Stress and addiction

May 2017
Roche, A.M., Kostadinov, V. & Fischer, J.A. (2017). Stress and Addiction, in Cooper, C. L. & Quick, J. C. (Eds.). The Handbook of Stress and Health: A Guide to Research and Practice. John Wiley & Sons.

In 2016, NCETA was invited to submit a chapter on Stress and Addiction to the Handbook of Stress and Health: A Guide to Research and Practice. The Guide is a comprehensive international examination that brings together and explores state-of-the-art research on the link between stress and health outcomes. 

The relationship between stress and AOD use is commonly characterised as the use of various psychoactive substances in response to various stressors. This is however only one potential direction and form in which this complex and multifaceted relationship can develop, for example: 

  • Bidirectional relationships between stress and AOD use are common, eg alcohol or drugs may be initially used to alleviate job stress and pressures, but subsequently result in greater stress through the negative effects of the drug on performance and functionality. 
  • The development of regular AOD use and dependence brings with it new and additional stressors. Moreover, exposure to stressors may cause a lapse or a relapse in a drug-dependent person and may render them vulnerable to situations that are conducive to stressful life events: sometimes referred to as “reverse causation”. 

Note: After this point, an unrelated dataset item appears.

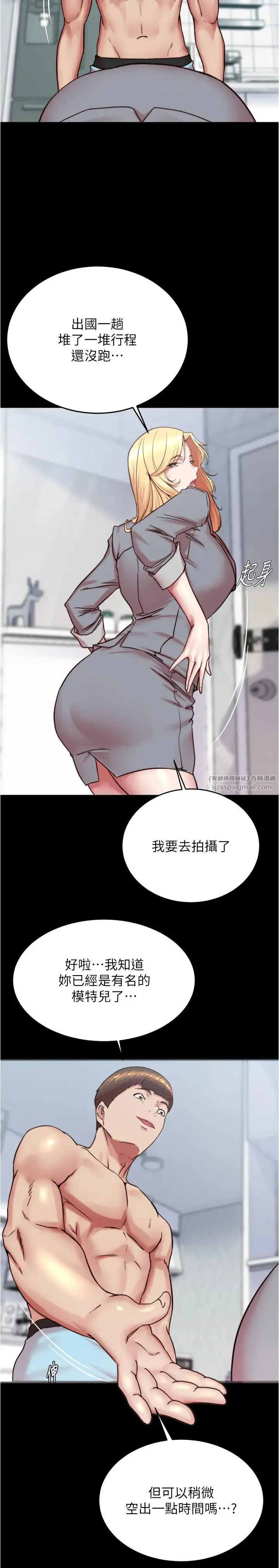 小裤裤笔记 - 第184話-內褲筆記的獻禮 - page 7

The subjective experience of stress and related AOD use (whether preceding, concurrent, or subsequent) may vary considerably depending on the type of stressor. The following stressors related to addiction are highlighted in the chapter: 

  1. Generic life stressors (eg bereavement, divorce, financial struggles)
  2. Work-related stressors (eg within-work stressors, retirement)
  3. Traumatic events (eg violent crime, accidents)
  4. Physical and mental health (eg chronic pain, depression, anxiety)
  5. Insecure housing (eg homelessness, “couch surfing”)
  6. Catastrophic/fateful stress (eg major disasters, war)
  7. Childhood maltreatment (eg neglect, abuse)
  8. Gender-specific stressors (eg sexual assault, domestic violence, pregnancy/childbirth/child rearing, single parenthood)
  9. Racial/ethnic minority stressors (eg racism, discrimination)
  10. Gender identification/sexual orientation stressors (eg discrimination against lesbian, gay, bisexual, transgender, or intersex individuals). 

The authors recommend that while there is a growing evidence base regarding AOD use and stress, further work is required to: 

  • Gain a better understanding of the mechanisms underlying the stress and addiction relationship. 
  • Refine the measures, concepts used, and untangling “reverse causation”.